If we equip people to make good decisions, and help them recognise, and potentially deal with information asymmetry they will have a better chance of coping with the challenges of risk transfer, for example:

  • If you know that your genes make getting affordable insurance difficult, then knowing how and where to shop around, and which insurers do and don’t ask certain questions, might help you find what you need;
  • Understanding the realities of increasing longevity, and the risks of running out of money in retirement just because you live too long, will help you understand your retirement needs better and ensure you put enough into your pension plan;
  • Most people understand the volatility of certain types of investment, but do they understand that in the context of the timeframe they will be investing over? Short-term ups and downs don’t matter when you’re investing for your pension, but they matter a lot if you’re saving to buy a house;
  • If you understand the risks of getting sick long-term, or having to deal with end-of-life care costs, then your plans can take into account a wider set of risks for a greater number of scenarios.

All of this requires proper education, and accessible affordable financial advice.

Should we rebalance the risk transfer?
Maybe the Great Risk Transfer has gone too far, and now is the time to put it into reverse? Life seems to be getting more complicated, not simpler. Banks and insurance companies seem to be getting more sophisticated in the ways they hide what’s going on under the guise of slick marketing campaigns, rather than giving us what we need and want at a fair price.

If we’re going to put the risk transfer into reverse by moving the responsibility for some risks back to institutions, then that requires major structural change. That means products, services, advice, and regulatory frameworks. That’s no mean feat, but a few principles can give it a good push.

Firstly, as I alluded to above, employers have a major role to play here - if they don’t want to reabsorb the risks they have passed onto their employees then they must at least educate them about these risks. An average employee cannot make the decision about whether to pay into their pension scheme or invest elsewhere unless someone explains to them the relative risks of each option. Financial education should be done at work and in work time, and advice services should be made available to employees.

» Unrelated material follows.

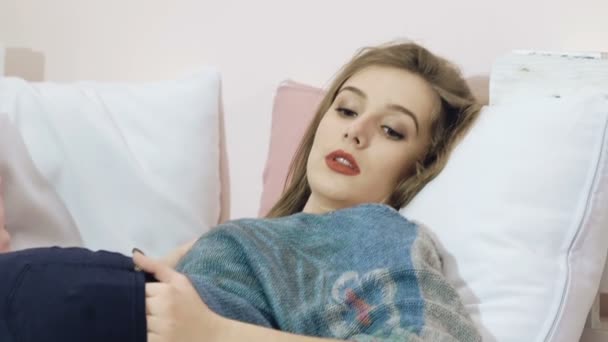 Smart Girl entspannt sich, liegt und posiert auf dem Bett. langsam — Stockvideo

Secondly, the regulators of our financial institutions need to move beyond establishing and maintaining solvency, important though they are, and widen the metrics they are measured against. These metrics should cover transparency in sales processes and sales remunerations, simplicity in product design, accessibility guarantees for those who might potentially be denied access, simple standardised literature to enable consumers to compare products, and clear information about how they, themselves, make money.

Finally, the state - our governments are not being honest with us about increasing longevity and the potential for medical advances to improve it more, and the financial consequences of this. They must educate us about the costs and the options and stop abdicating their responsibility to inform by passing the buck and hoping for the best.

Conclusions
Nothing I’ve said in this article is particularly ground-breaking or earth-shattering; what I have tried to point out, though, is how much risk has been transferred from institutions to individuals under our noses without our noticing and certainly without telling us. It’s been happening for a while and we have, perhaps, not realised the extent to which we are now assuming risks we never had to before. Once we realise that, then we need a debate amongst all stakeholders - politicians, regulators, consumer groups and industry groups - about whether the Great Risk Transfer has gone too far, whether the balance is right, and whether it’s time to put it into reverse. If we don’t do this then the consequences for our individual financial security, as well as that of the state, could be disastrous.

Lee Faulkner is a Fellow of the Institute and Faculty of Actuaries, the UK’s actuarial body, and has more than 30 years’ experience in the world of financial services in Asia, Europe and Latin America. He is a Taiwan Gold Card holder and now lives in Taipei.